An unchanged copy of every record below, without pictures, is the goal.

(Material provided)
━━━━━━

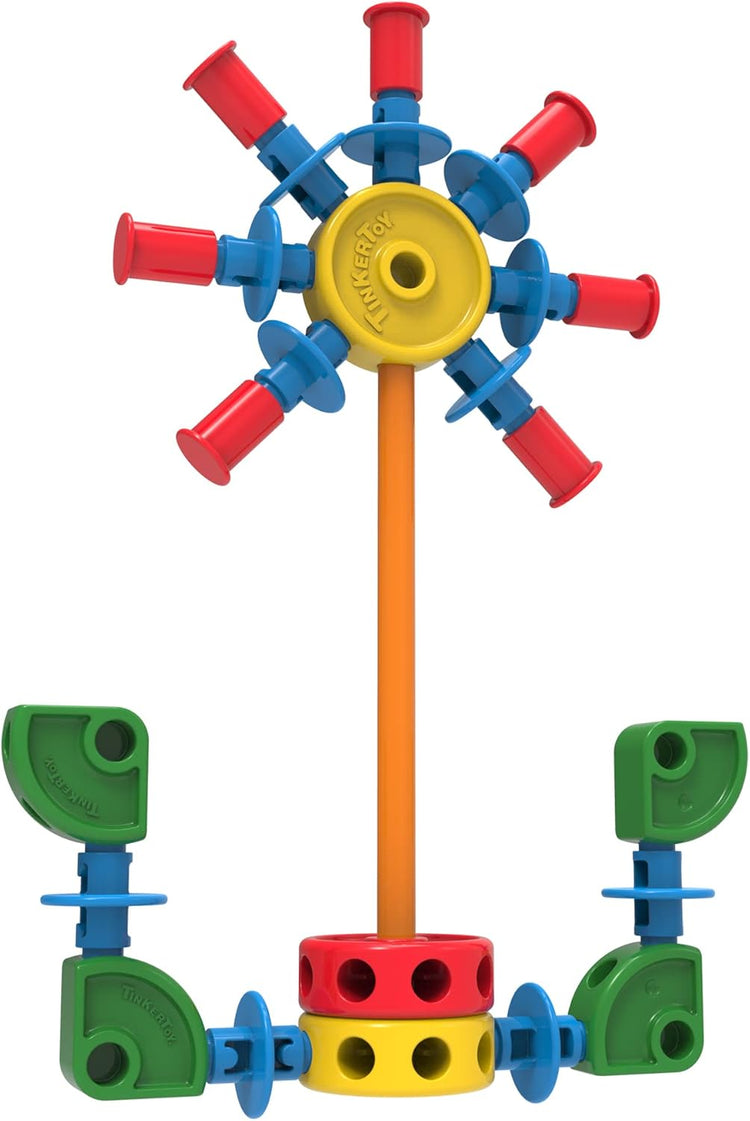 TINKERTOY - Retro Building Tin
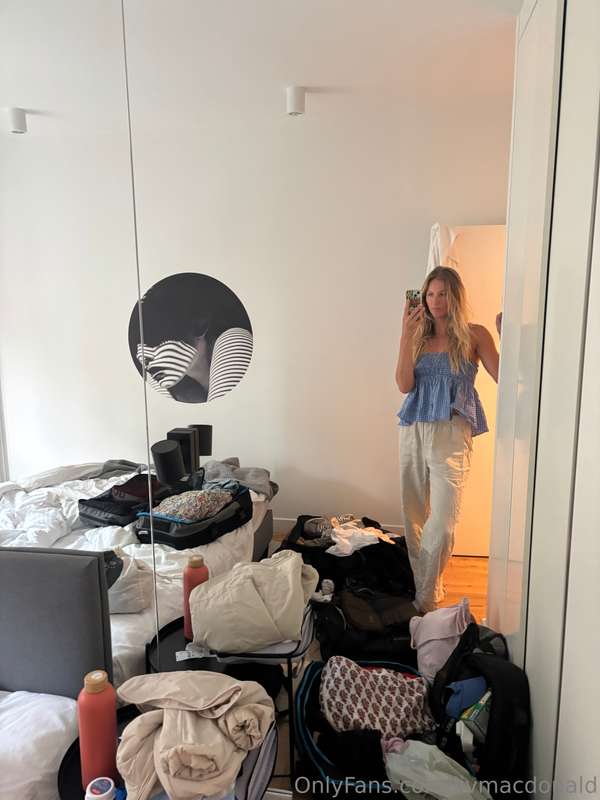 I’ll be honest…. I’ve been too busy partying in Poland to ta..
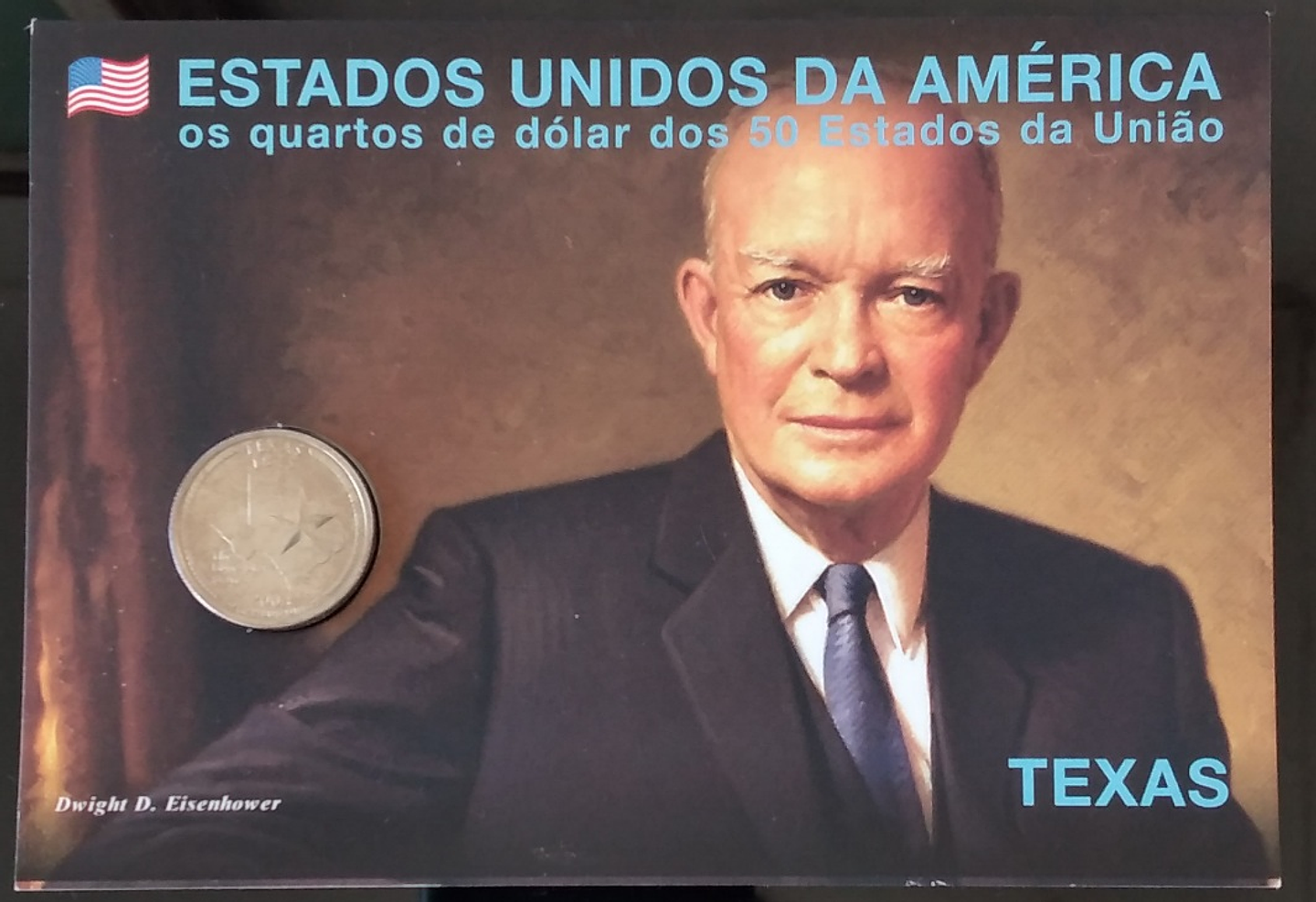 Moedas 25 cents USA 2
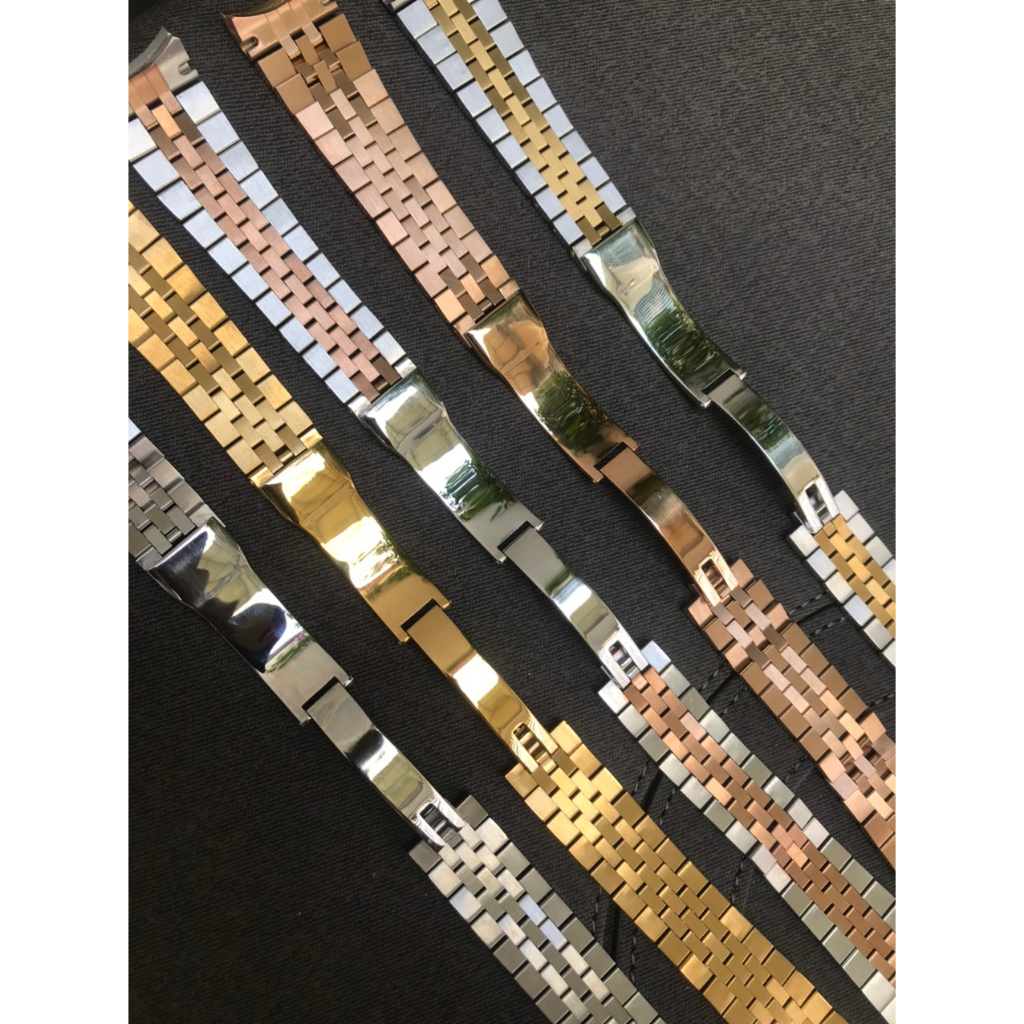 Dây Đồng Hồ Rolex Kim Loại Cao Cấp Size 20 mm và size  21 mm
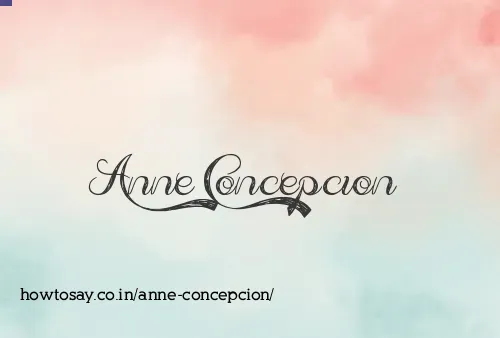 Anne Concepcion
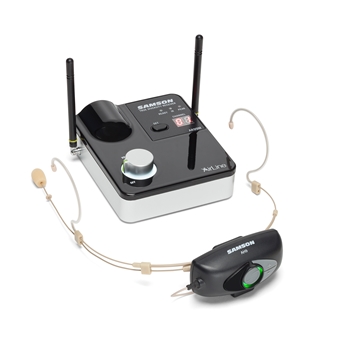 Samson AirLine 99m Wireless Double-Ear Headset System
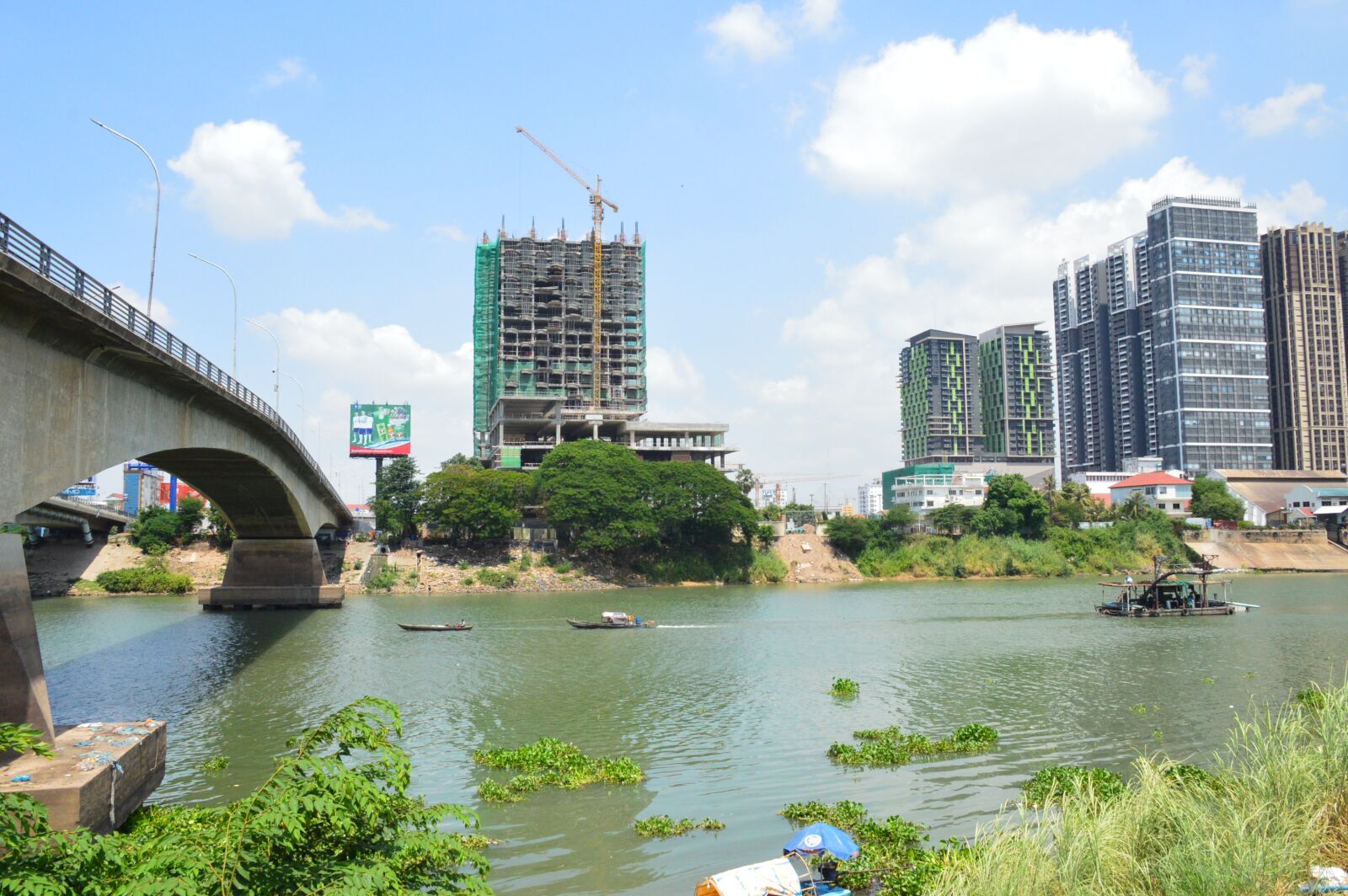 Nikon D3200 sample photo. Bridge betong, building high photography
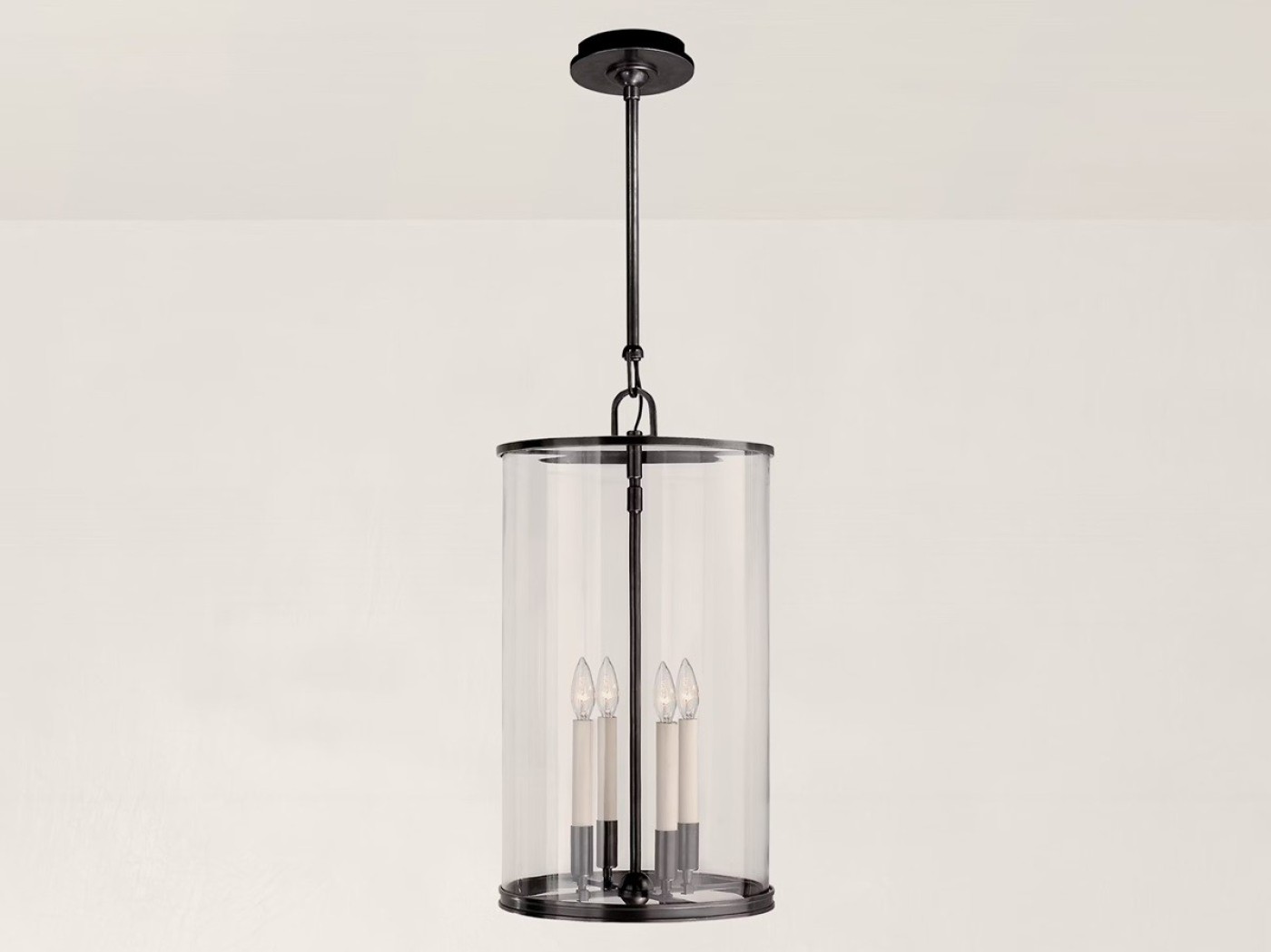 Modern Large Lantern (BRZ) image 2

━━━━━━

(Answer below)
 TINKERTOY - Retro Building Tin
 I’ll be honest…. I’ve been too busy partying in Poland to ta..
 Moedas 25 cents USA 2
 Dây Đồng Hồ Rolex Kim Loại Cao Cấp Size 20 mm và size  21 mm
 Anne Concepcion
 Samson AirLine 99m Wireless Double-Ear Headset System
 Nikon D3200 sample photo. Bridge betong, building high photography
 Modern Large Lantern (BRZ) image 2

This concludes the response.